Member — 7th February 2009 (3 years ago) #
OK, been doing some research... across several niches and in my niche and it seems to be from $5 to $20 per month. So depending on your niche I don't think you want to be the most or least expensive. Previously in the past I have run a 30 day free trials and then $14.95 per month. I'm going to try free ad supported blogs with min features like edublogs and premium pricing at 9.95 per month and down to 6.95 per month for a year.
Going to spend a dollar a day on google ads to get the work out.
Go live is in one week. I'll keep the forum forum post on my progress.
@DavidJohnson That's awesome.. one hell of a niche!
Keeper of the Dark Chocolate — 7th February 2009 (3 years ago) #
See up there?

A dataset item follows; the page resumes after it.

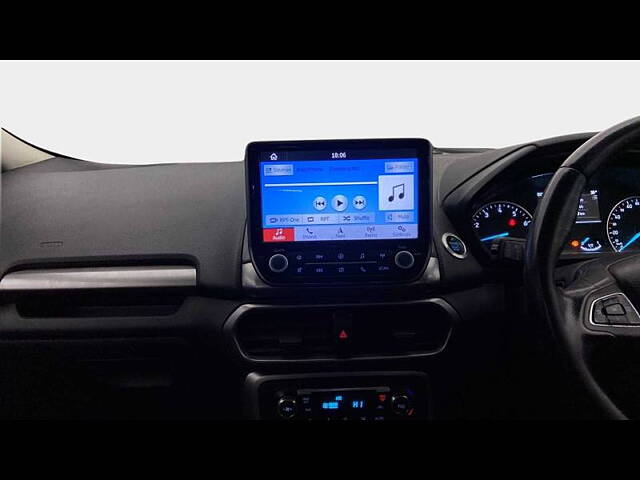 Used Ford EcoSport [2017-2019] Titanium 1.5L Ti-VCT in Delhi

I swear I wrote posts here this morning.
Andrea, yup although I will point out that a few insiders have mentioned that certain arrangements have been made previously in some cases.
I think to remember is that a place like Square(whatever it is) gives you a site that you can change pretty much anything you want for $8-$14 a month. But that gets you into features vs. niche. I can throw hundreds of features at a user who picks up the upgrade but it's all for nothing if no one takes the bait.

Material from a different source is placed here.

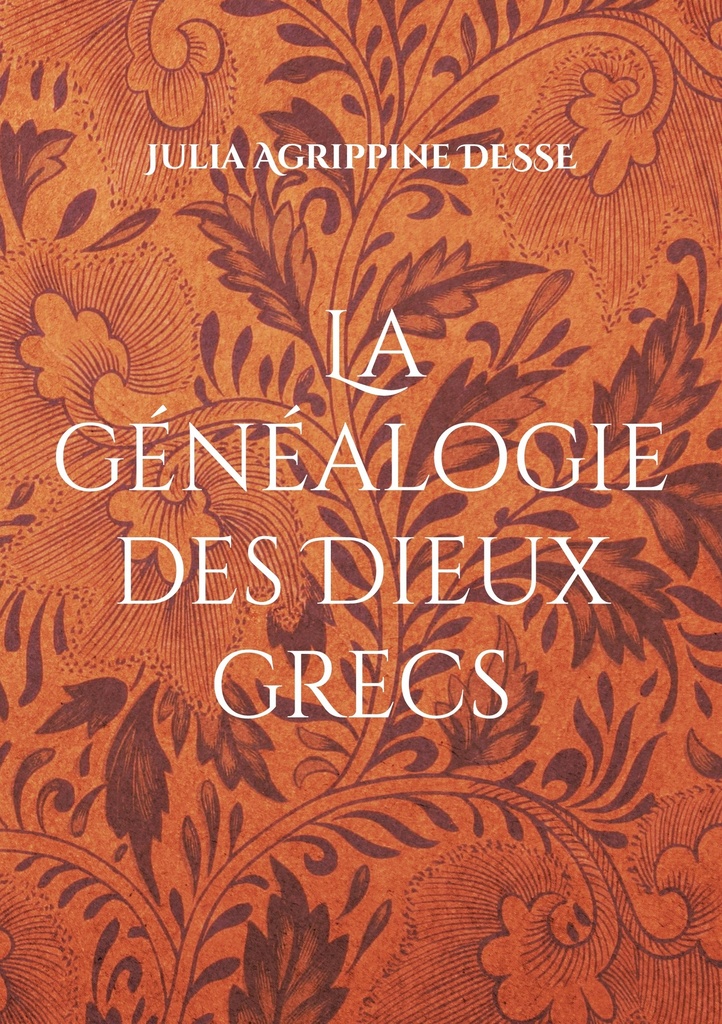 La généalogie des Dieux grecs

You may want to also consider Project Wonderful as well. I've had some mild success with them. Plus buying the adverts helps support independents usually.
Member — 22nd February 2009 (3 years ago) #
I think the other thing to keep in mind, is to take the minimum you need and multiply it by 12, then you have your annual fee, plus you can add on a little for monthly, quarterly, etc.
That way, users see that they are saving money going annual, but you aren't losing anything when they do so.
Keeper of the Dark Chocolate — 22nd February 2009 (3 years ago) #
Comparing it against your "competitors" and showing how you;ve got a better deal is a plus as well. ;)
Don't really know if that'll hook anyone in but, hey, why not?
When you do a comparison, little things are a plus as well. For example, with wpmu, you get an actual site with a real urls. With something like elgg, you get a big long, multiple level url just to get the blog while posts are urls that are nothing but a bunch of numbers. You have a real support forum while some place like blogger doesn't even have one. You work every day on the site while someone else who I won't name is busy being a jet setting playboy every week. Stuff like that.
We're batting around a 45 day trial with an annual price of $15-25. The sticking point is the amount of upload space as for the most part, I only provide my hosting clients a gig of space. I'm willing to give more but it;s pretty much on a case by case basis and for a decent reason.
Keeper of the Dark Chocolate — 26th February 2009 (3 years ago) #
Just to throw this out, I"m sitting here looking at http://blogs.com and their pricing structure.
http://blog.com/free/
And how the pricing is broken down:
http://blog.com/pricing/
Note how it's for the "photo albums" while the other features remain free for the most part.
I'm liking how it;s presented as free with adverts
Keeper of the Dark Chocolate — 24th June 2010 (1 year ago) #
Bump for Sue and Sarah. Would make for an interesting wpmu.org article.